ENTRIES PROVIDED.
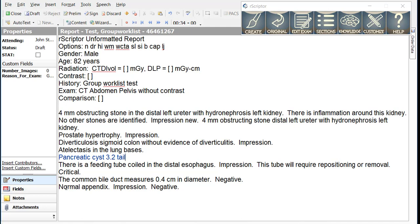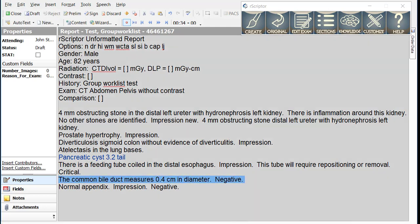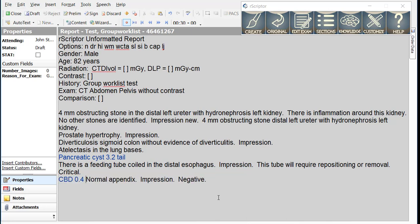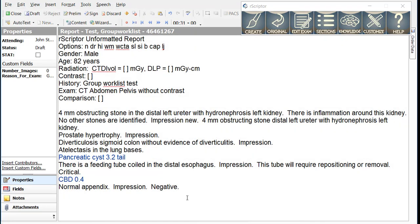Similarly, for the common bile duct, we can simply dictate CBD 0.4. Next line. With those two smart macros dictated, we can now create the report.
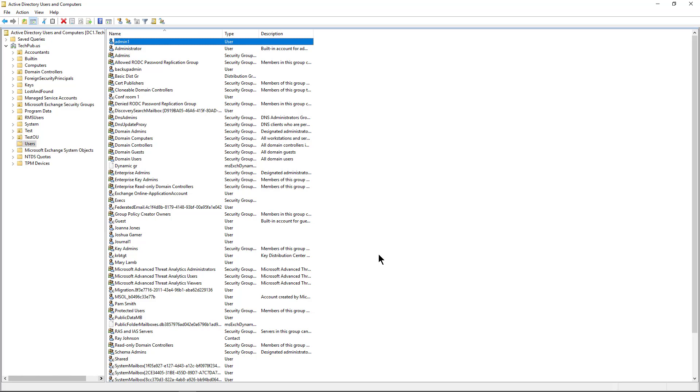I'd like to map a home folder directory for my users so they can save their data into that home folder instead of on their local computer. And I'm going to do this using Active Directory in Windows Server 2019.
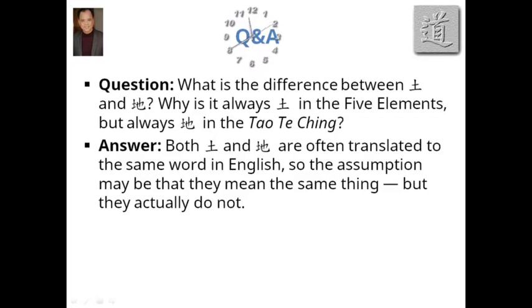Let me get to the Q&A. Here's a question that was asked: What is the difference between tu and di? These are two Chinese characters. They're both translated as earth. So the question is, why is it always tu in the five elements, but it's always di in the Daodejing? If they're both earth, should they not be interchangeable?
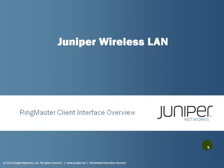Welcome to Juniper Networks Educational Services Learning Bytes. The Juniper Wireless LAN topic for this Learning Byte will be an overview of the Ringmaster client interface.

--

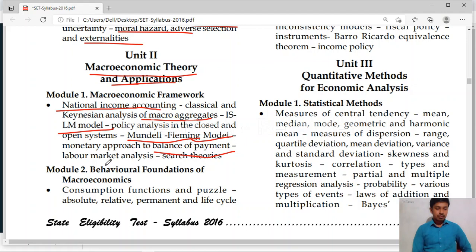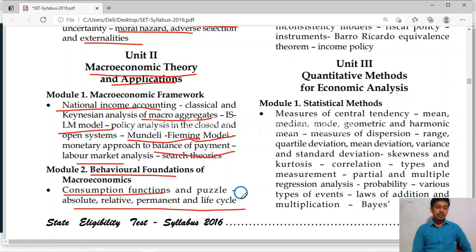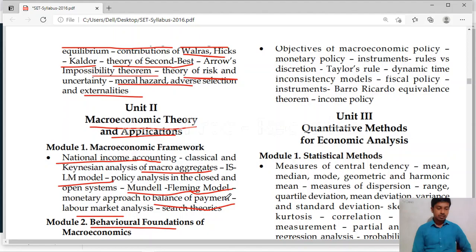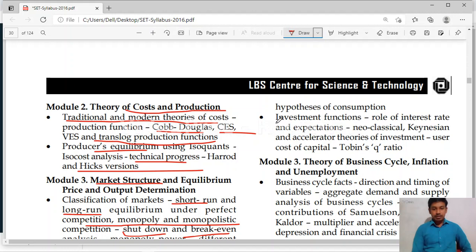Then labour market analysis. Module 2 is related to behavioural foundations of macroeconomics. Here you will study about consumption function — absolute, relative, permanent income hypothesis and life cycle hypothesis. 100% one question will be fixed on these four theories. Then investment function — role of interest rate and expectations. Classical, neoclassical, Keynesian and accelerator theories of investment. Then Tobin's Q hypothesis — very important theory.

==

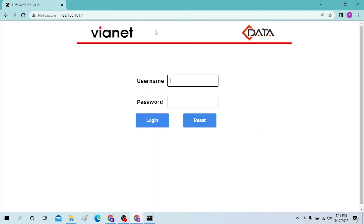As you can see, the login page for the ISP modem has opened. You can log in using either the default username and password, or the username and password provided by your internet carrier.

INSTRUCTIONS FOR THE TASK. Leave out every picture, and copy exactly the lines above starting at the one holding "Similarly, for the" and ending at the one holding "Welcome to Juniper", no more and no less.

OUTPUT FOR THIS EXERCISE.
Similarly, for the common bile duct, we can simply dictate CBD 0.4. Next line. With those two smart macros dictated, we can now create the report.
I'd like to map a home folder directory for my users so they can save their data into that home folder instead of on their local computer. And I'm going to do this using Active Directory in Windows Server 2019.
Let me get to the Q&A. Here's a question that was asked: What is the difference between tu and di? These are two Chinese characters. They're both translated as earth. So the question is, why is it always tu in the five elements, but it's always di in the Daodejing? If they're both earth, should they not be interchangeable?
Welcome to Juniper Networks Educational Services Learning Bytes. The Juniper Wireless LAN topic for this Learning Byte will be an overview of the Ringmaster client interface.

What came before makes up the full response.